Das FA kann gegen einen Lohnsteuererstattungsanspruch auch dann nicht mit einer Forderung einer anderen Körperschaft des öffentlichen Rechts aufrechnen, wenn es von der zuständigen Behörde dieser Körperschaft (hier Landesarbeitsamt) um die Vollstreckung der Forderung ersucht worden ist.

AO 1977 § 226, § 250, § 252.

Vorinstanz: FG Berlin

Entscheidungsgründe

Der Senat teilt die Auffassung des FG, daß sich aus § 252 AO 1977 die für die Aufrechnung notwendige Identität von Gläubiger und Schuldner nicht herleiten läßt. Nach dieser Vorschrift gilt zwar im Vollstreckungsverfahren die Körperschaft als Gläubigerin der zu vollstreckenden Ansprüche, der die Vollstreckungsbehörde angehört. Daraus folgt aber nicht, daß sie auch zur Aufrechnung befugt ist.

§ 252 AO 1977 enthält lediglich eine Regelung darüber, wer als Gläubiger im Vollstreckungsverfahren gilt. Der Begriff des Gläubigers im Sinne dieser Vorschrift ist danach ein verfahrensrechtlicher Begriff, der nur für die Zwangsvollstreckung Bedeutung hat und der nicht mit der Bezeichnung desjenigen verwechselt werden darf, dem der zu vollstreckende Anspruch materiell-rechtlich zusteht, so daß dieser Gläubiger dem Gläubiger im Zwangsvollstreckungsverfahren gegenübergestellt ist (vgl. Schwarz in Hübschmann/Hepp/Spitaler, Kommentar zur Abgabenordnung und Finanzgerichtsordnung, 8. Aufl., § 252 AO 1977 Anm. 2). Die Bestimmung des Gläubigers für das Zwangsvollstreckungsverfahren in § 252 AO 1977 ist als Sonderregelung anzusehen, deren Sinn und Zweck u. a. darin zu erblicken ist, für die Zwangsvollstreckung die Schwierigkeiten zu beseitigen, die sich ohne diese Regelung daraus ergeben würden, daß eine Vollstreckungsbehörde (FA, Hauptzollamt) i. S. des § 249 AO 1977 für eine andere Körperschaft als materiell-berechtigte Gläubigerin eines Anspruchs Vollstreckungsmaßnahmen auf deren Ersuchen (§ 250 AO 1977) ausführt (vgl. Schwarz in Hübschmann/Hepp/Spitaler, a. a. O., Anm. 1).

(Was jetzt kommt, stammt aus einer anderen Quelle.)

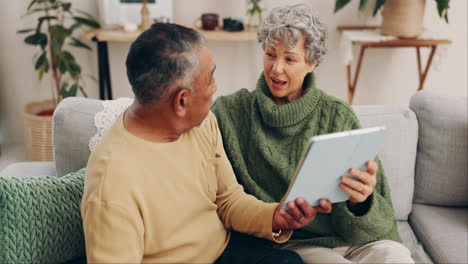 Tablet,-relax-and-search-with-old-couple-on-sofa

Als Gläubigerin im Vollstreckungsverfahren kann die Körperschaft, zu der die Vollstreckungsbehörde gehört, nur Rechte zur Durchsetzung von Vollstreckungsmaßnahmen geltend machen und auch nur aus Vollstreckungsmaßnahmen Rechte erwerben. Die Vollstreckungsmaßnahmen sind im Sechsten Teil der AO 1977 abschließend geregelt (vgl. Schwarz in Hübschmann/Hepp/Spitaler, a. a. O., Anm. 4). Die Aufrechnung gehört nicht dazu. Sie gehört in den Bereich des Erhebungsverfahrens (vgl. Beschlüsse des Bundesfinanzhofs - BFH - vom 30. Juni 1971 II B 8/68, BFHE 102, 232, BStBl II 1971, 603, und vom 18. März 1976 V R 127/71, BFHE 118, 163, BStBl II 1976, 438) und ist nicht eine Maßnahme der Vollstreckung (Beschluß des erkennenden Senats vom 7. März 1967 VII 164/62, BFHE 88, 311, 313, BStBl III 1967, 381). Im Ergebnis entspricht diese Auffassung auch der weit überwiegend im Zivilrecht vertretenen Meinung, daß die Aufrechnung nicht als Maßnahme der Zwangsvollstreckung anzusehen ist (vgl. u. a. das Urteil des Bundesgerichtshofs - BGH - vom 26. Mai 1971 VIII ZR 137/70, Neue Juristische Wochenschrift - NJW - 1971, 1563, m. w. N.; s. auch Urteil des Bundesverwaltungsgerichts - BVerwG - vom 13. Oktober 1971 VI C 137.67, Die Öffentliche Verwaltung - DÖV - 1972, 573). Die Finanzbehörde kann deshalb gegen einen Lohnsteuererstattungsanspruch selbst dann nicht mit der Forderung einer anderen Körperschaft des öffentlichen Rechts aufrechnen, wenn sie von der zuständigen Behörde dieser Körperschaft gemäß § 250 AO 1977 um die Vollstreckung der Forderung ersucht worden ist.